Monday, July 19, 2004

Access for all?
I have recently returned from a brief holiday.  As is my custom when I'm travelling, I try to visit a few libraries along the way.  I attempted to visit about a half dozen libraries, but managed to get into only 2 of them.  Why is this?  Mainly because they have crappy hours.  One example:  I went to visit a library in a fairly large rural community (8,000+ population).  Walked up to the door.  Closed.  Was I there at an unusual hour?  Well, it was around lunchtime on a Friday afternoon, so, no, I don't think so.  All the other businesses in town were open for business.  Why is it that the local library was not? 
In the province where I reside, equitable library access for all is a stated goal of the provincial ministry and many of the agencies associated with public libraries.  Consequently, many hundreds of thousands of dollars are spent on electronic access - automating every library and making their catalogue available on the web; purchasing up-to-the-minute computers for public internet access.  But, the primary means of access - walking in the door - is greatly lacking, primarily because the local library boards lack sufficient funding to keep the doors open.  The great irony in this is that the provincial and federal governments have invested lots of money in making libraries public internet access points.  But, the public cannot access the internet in the library if the library is not open.

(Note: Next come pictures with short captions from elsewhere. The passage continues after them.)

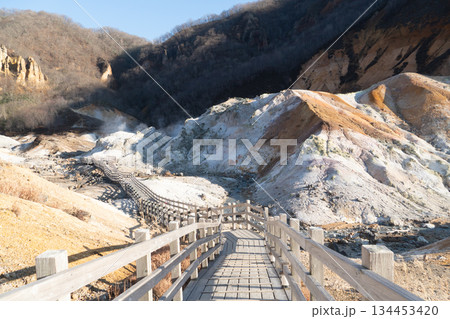 Jigokudani or Hell Valley in the town of Noboribetsu Onsen which displays hot steam vents, sulfurous streams and other volcanic activity. Main source of Noboribetsu hot spring waters. Hokkaido, Japan. 134453420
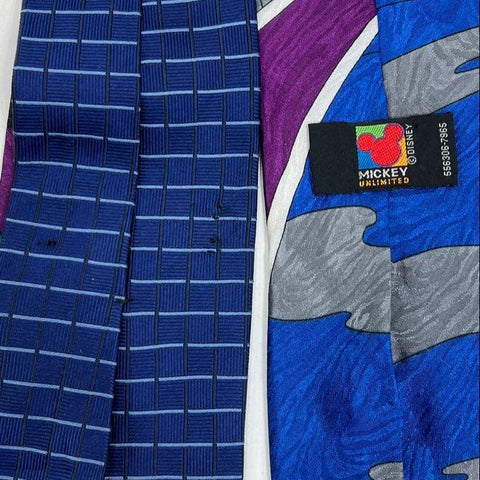 Lot of 10 Men's Neckties Vintage 90s Disney Looney Tunes Peanuts Tabasco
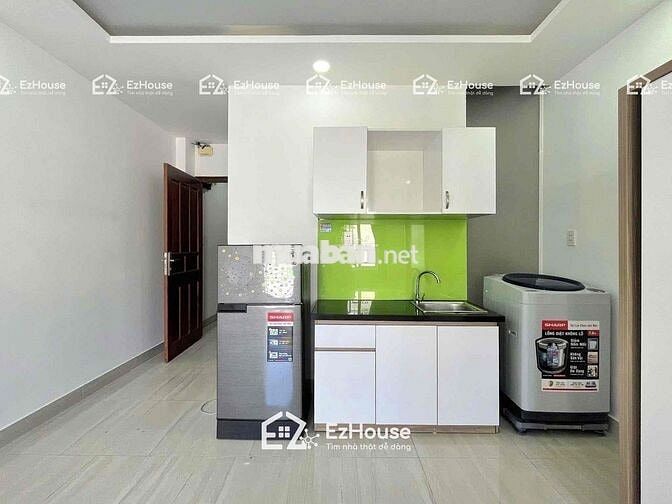 Studio ban công , cửa sổ Đầy đủ nội thất Ngay Aeon Mall Tân Phú - Huit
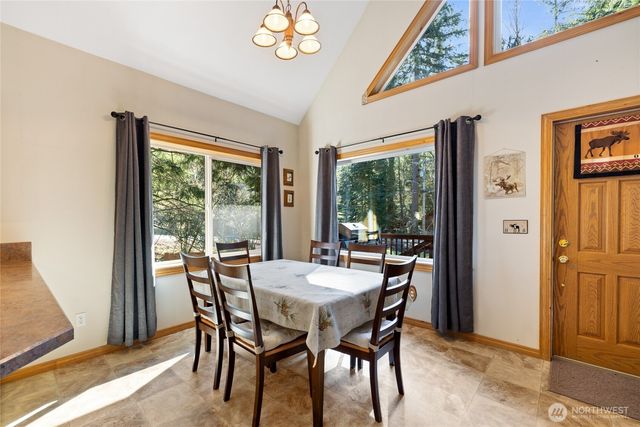 214 Paradise Dr, Ashford, WA 98304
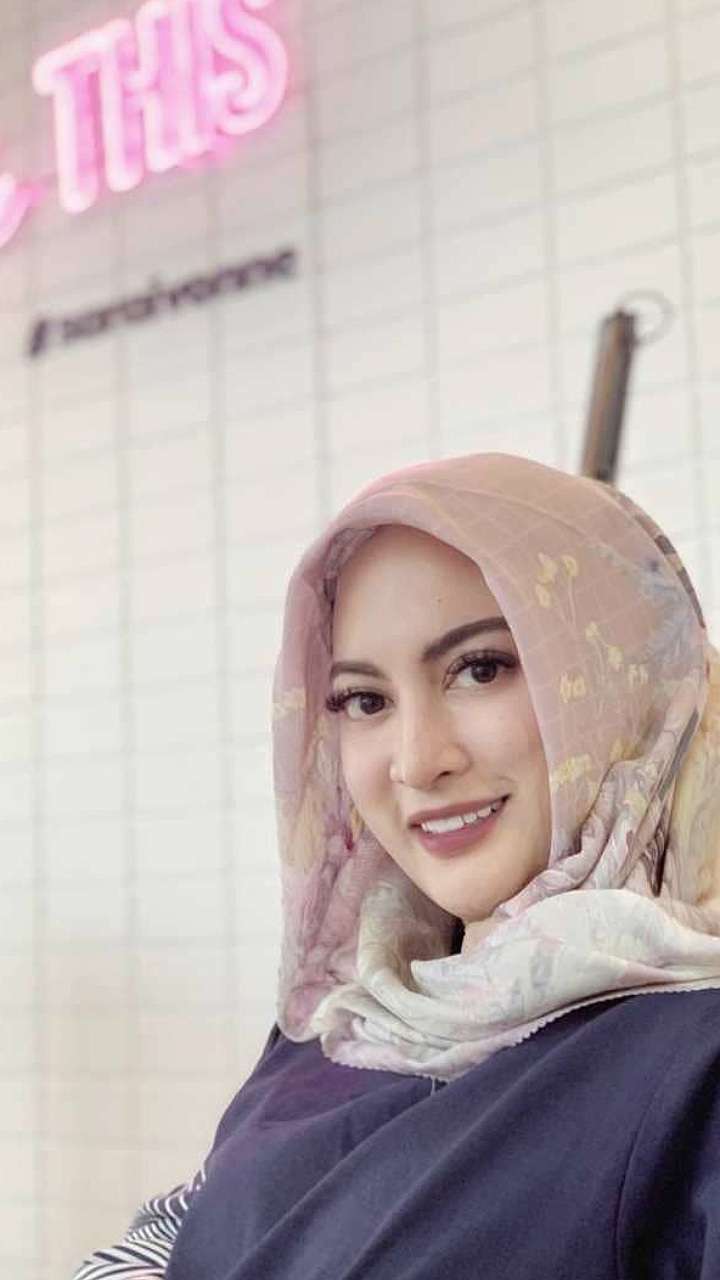 Pernah Menanggalkan Hijab, 5 Artis Cantik Ini Berhijab Lagi
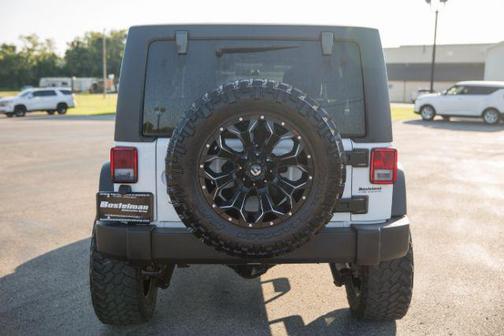 Bright White Clearcoat 2018 Jeep Wrangler JK Unlimited Sport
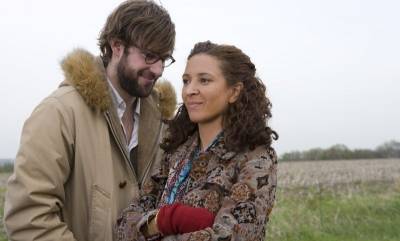 John Krasinski (Burt Farlander) en Maya Rudolph (Verona De Tessant)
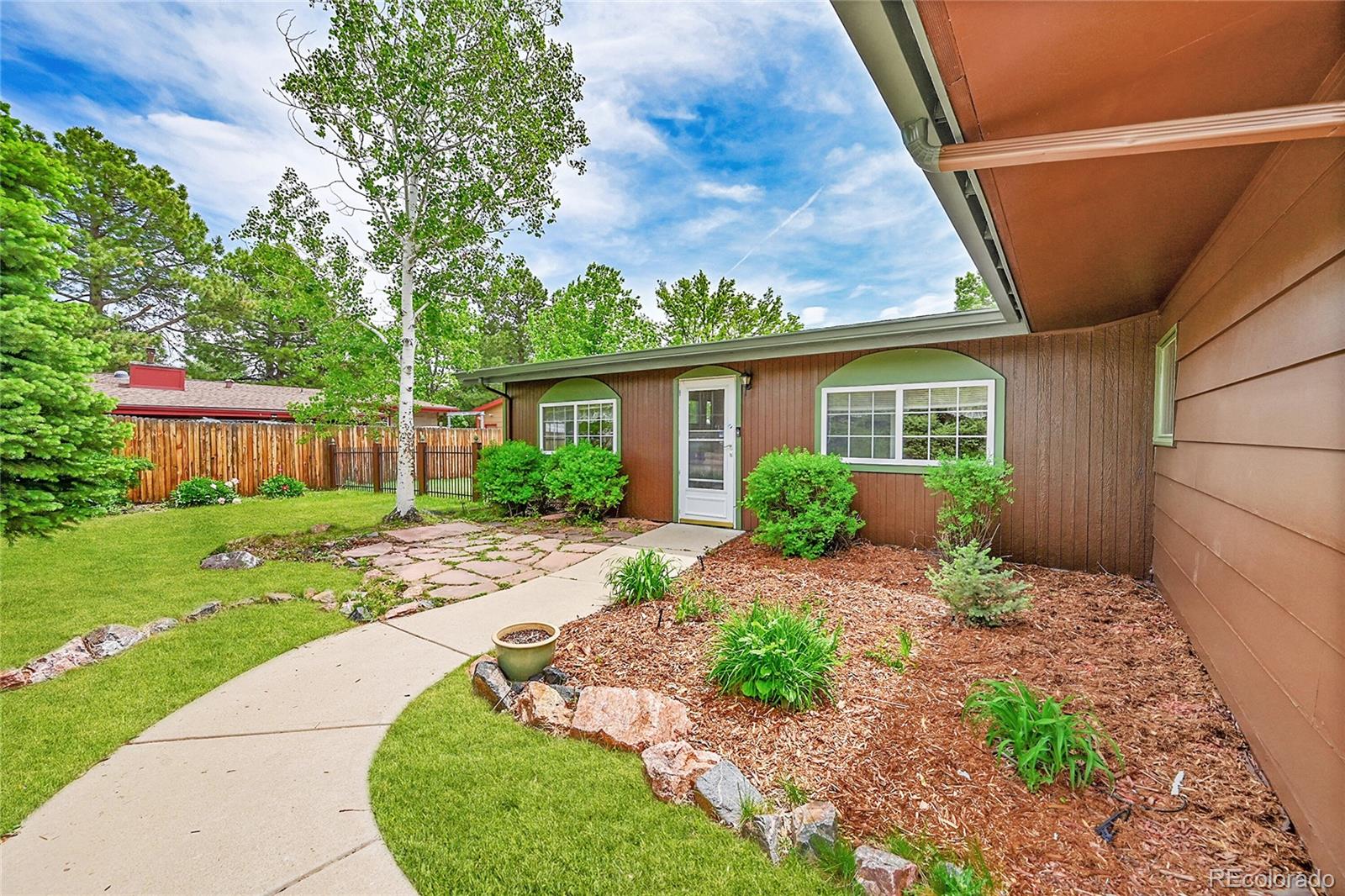 Columbine Hills Littleton Home | MLS #: 26545775722 W Chestnut Avenue, Littleton Beds: 5 Baths: 3 Price: $615,000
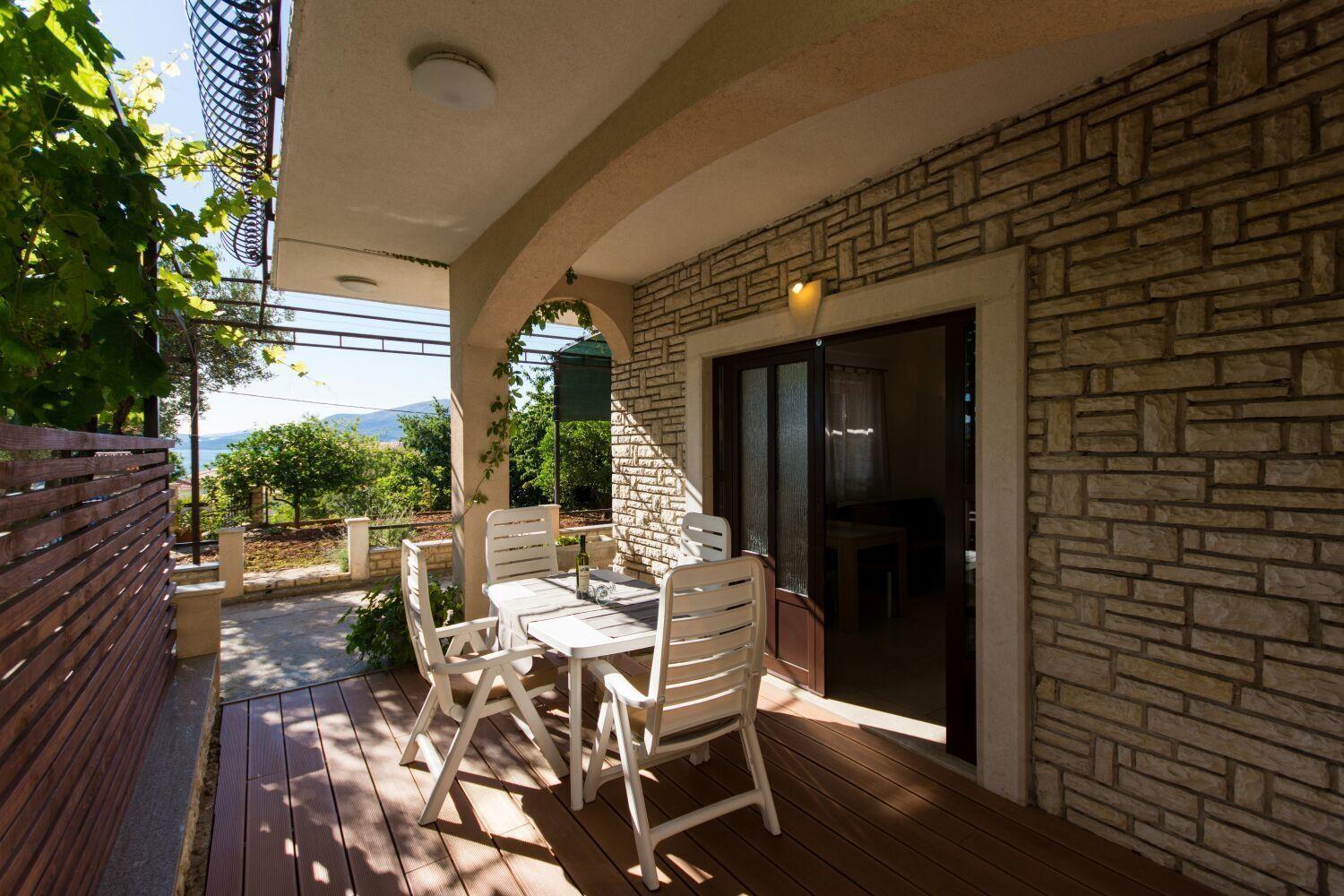 Apartment Bareta Trogir Extérieur photo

I live in a small town, but visit the city several times a year.  In the city, it is not unusual for even the smallest library branches to be open most weekday evenings and all day Saturday.  Several larger branches are also open on Sunday.  However, in many smaller centres, residents are lucky if their library is open one evening a week OR Saturday for a few hours.  Now, I know that large centres have a larger tax base to draw their funds from.  I understand that there are varying factors at work here.  But, if we really want truly equitable access for all, perhaps we should be looking more closely at those factors that hinder it.